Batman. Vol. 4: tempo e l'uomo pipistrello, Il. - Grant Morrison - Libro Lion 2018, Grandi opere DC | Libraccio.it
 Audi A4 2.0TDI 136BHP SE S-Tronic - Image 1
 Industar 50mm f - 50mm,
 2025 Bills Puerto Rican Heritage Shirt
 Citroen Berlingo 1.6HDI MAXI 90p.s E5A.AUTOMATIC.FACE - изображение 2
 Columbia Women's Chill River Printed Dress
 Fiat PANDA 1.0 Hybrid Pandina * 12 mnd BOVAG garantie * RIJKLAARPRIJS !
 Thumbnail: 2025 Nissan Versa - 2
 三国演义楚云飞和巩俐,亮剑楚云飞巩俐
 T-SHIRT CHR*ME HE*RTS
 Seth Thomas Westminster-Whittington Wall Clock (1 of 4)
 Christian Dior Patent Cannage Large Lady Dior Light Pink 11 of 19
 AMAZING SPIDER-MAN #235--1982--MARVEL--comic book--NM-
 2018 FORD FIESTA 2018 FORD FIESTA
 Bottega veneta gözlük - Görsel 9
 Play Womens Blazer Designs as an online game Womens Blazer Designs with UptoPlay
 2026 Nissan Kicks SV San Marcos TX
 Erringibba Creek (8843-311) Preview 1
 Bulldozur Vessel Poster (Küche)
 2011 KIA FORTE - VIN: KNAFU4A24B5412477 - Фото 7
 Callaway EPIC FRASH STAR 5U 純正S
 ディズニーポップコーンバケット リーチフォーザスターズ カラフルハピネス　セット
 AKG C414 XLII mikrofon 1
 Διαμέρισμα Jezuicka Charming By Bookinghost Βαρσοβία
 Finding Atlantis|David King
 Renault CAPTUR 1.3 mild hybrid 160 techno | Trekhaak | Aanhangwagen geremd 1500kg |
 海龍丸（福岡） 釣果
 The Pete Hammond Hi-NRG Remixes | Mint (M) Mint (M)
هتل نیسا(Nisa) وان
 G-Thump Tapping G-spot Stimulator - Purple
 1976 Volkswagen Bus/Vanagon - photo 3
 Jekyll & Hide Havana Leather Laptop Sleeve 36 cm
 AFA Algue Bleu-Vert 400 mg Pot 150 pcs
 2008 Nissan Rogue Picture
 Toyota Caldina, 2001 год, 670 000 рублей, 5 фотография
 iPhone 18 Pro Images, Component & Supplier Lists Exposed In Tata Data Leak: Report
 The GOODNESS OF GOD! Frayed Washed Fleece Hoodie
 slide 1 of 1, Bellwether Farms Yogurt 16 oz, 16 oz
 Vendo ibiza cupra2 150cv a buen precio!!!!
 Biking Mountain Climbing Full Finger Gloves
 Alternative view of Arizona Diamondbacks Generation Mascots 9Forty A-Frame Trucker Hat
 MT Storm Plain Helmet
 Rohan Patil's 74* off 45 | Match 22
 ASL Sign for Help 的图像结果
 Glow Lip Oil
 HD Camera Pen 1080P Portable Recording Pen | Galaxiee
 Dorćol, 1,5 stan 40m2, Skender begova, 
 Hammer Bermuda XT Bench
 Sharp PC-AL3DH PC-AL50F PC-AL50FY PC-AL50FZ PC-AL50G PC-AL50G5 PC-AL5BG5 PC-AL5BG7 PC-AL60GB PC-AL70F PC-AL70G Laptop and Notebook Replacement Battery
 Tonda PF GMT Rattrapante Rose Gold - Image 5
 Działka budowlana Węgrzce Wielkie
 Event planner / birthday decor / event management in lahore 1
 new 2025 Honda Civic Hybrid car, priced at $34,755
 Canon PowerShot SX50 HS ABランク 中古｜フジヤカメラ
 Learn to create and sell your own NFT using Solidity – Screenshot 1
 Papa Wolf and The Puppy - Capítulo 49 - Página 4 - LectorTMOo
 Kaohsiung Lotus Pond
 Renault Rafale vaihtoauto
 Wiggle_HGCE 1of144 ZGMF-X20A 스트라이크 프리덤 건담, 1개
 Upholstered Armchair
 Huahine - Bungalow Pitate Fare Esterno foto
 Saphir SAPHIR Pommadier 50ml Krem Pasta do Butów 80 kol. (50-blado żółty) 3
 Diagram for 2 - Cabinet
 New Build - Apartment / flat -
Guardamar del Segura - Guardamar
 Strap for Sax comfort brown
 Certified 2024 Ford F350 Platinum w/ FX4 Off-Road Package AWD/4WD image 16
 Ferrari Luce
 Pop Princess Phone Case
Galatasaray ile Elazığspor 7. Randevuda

══════════════════════════════

• Task item
Copy the entries above exactly, but only from the line holding "AKG C414 XLII mikrofon 1" through the line holding "Canon PowerShot SX50 HS ABランク 中古｜フジヤカメラ", both included.

• Exercise output
 AKG C414 XLII mikrofon 1
 Διαμέρισμα Jezuicka Charming By Bookinghost Βαρσοβία
 Finding Atlantis|David King
 Renault CAPTUR 1.3 mild hybrid 160 techno | Trekhaak | Aanhangwagen geremd 1500kg |
 海龍丸（福岡） 釣果
 The Pete Hammond Hi-NRG Remixes | Mint (M) Mint (M)
هتل نیسا(Nisa) وان
 G-Thump Tapping G-spot Stimulator - Purple
 1976 Volkswagen Bus/Vanagon - photo 3
 Jekyll & Hide Havana Leather Laptop Sleeve 36 cm
 AFA Algue Bleu-Vert 400 mg Pot 150 pcs
 2008 Nissan Rogue Picture
 Toyota Caldina, 2001 год, 670 000 рублей, 5 фотография
 iPhone 18 Pro Images, Component & Supplier Lists Exposed In Tata Data Leak: Report
 The GOODNESS OF GOD! Frayed Washed Fleece Hoodie
 slide 1 of 1, Bellwether Farms Yogurt 16 oz, 16 oz
 Vendo ibiza cupra2 150cv a buen precio!!!!
 Biking Mountain Climbing Full Finger Gloves
 Alternative view of Arizona Diamondbacks Generation Mascots 9Forty A-Frame Trucker Hat
 MT Storm Plain Helmet
 Rohan Patil's 74* off 45 | Match 22
 ASL Sign for Help 的图像结果
 Glow Lip Oil
 HD Camera Pen 1080P Portable Recording Pen | Galaxiee
 Dorćol, 1,5 stan 40m2, Skender begova, 
 Hammer Bermuda XT Bench
 Sharp PC-AL3DH PC-AL50F PC-AL50FY PC-AL50FZ PC-AL50G PC-AL50G5 PC-AL5BG5 PC-AL5BG7 PC-AL60GB PC-AL70F PC-AL70G Laptop and Notebook Replacement Battery
 Tonda PF GMT Rattrapante Rose Gold - Image 5
 Działka budowlana Węgrzce Wielkie
 Event planner / birthday decor / event management in lahore 1
 new 2025 Honda Civic Hybrid car, priced at $34,755
 Canon PowerShot SX50 HS ABランク 中古｜フジヤカメラ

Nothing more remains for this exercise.